American historian (1910–1977)

Carroll Quigley (/ˈkwɪgli/; November 9, 1910 – January 3, 1977) was an American historian and theorist of the evolution of civilizations. He is remembered for his teaching work as a professor at the School of Foreign Service at Georgetown University, and his seminal works, The Evolution of Civilizations: An Introduction to Historical Analysis, and Tragedy And Hope: A History Of The World In Our Time.

== Life and career ==
Quigley was born in Boston, and attended Harvard University, where he studied history and earned B.A, M.A., and Ph.D. degrees. He taught at Princeton University, and then at Harvard, and then from 1941 to 1976 at the School of Foreign Service at Georgetown University.

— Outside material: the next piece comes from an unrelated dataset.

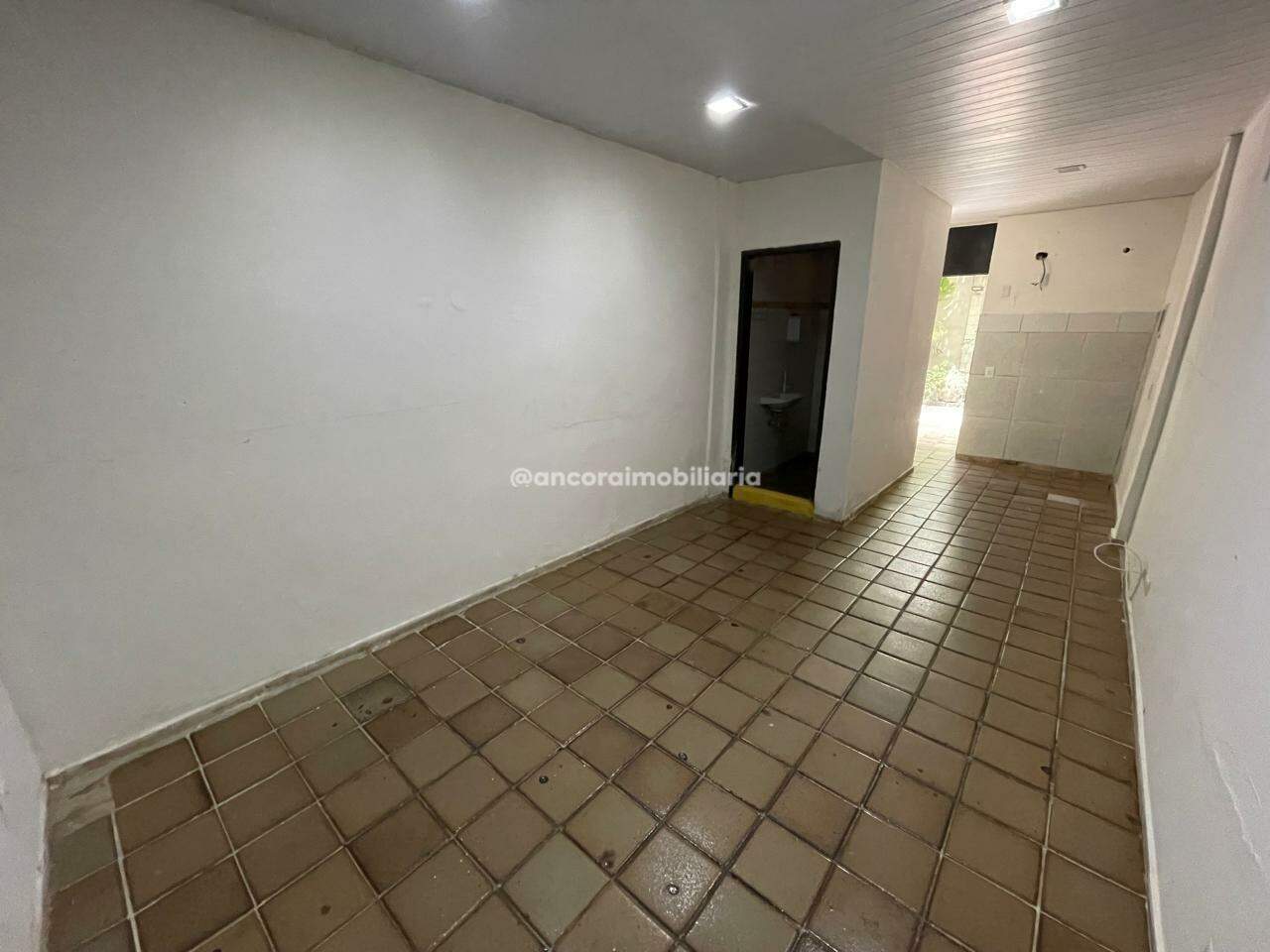 Sala para aluguel no Graças:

From 1941 until 1972, he taught a two-semester course at Georgetown on the development of civilizations. According to his obituary in the Washington Star, many alumni of Georgetown's School of Foreign Service asserted that this was "the most influential course in their undergraduate careers".

In addition to his academic work, Quigley served as a consultant to the U.S. Department of Defense, the United States Navy, the Smithsonian Institution, and the House Select Committee on Astronautics and Space Exploration in the 1950s. He was also a book reviewer for the Washington Star, and a contributor and editorial board member of Current History.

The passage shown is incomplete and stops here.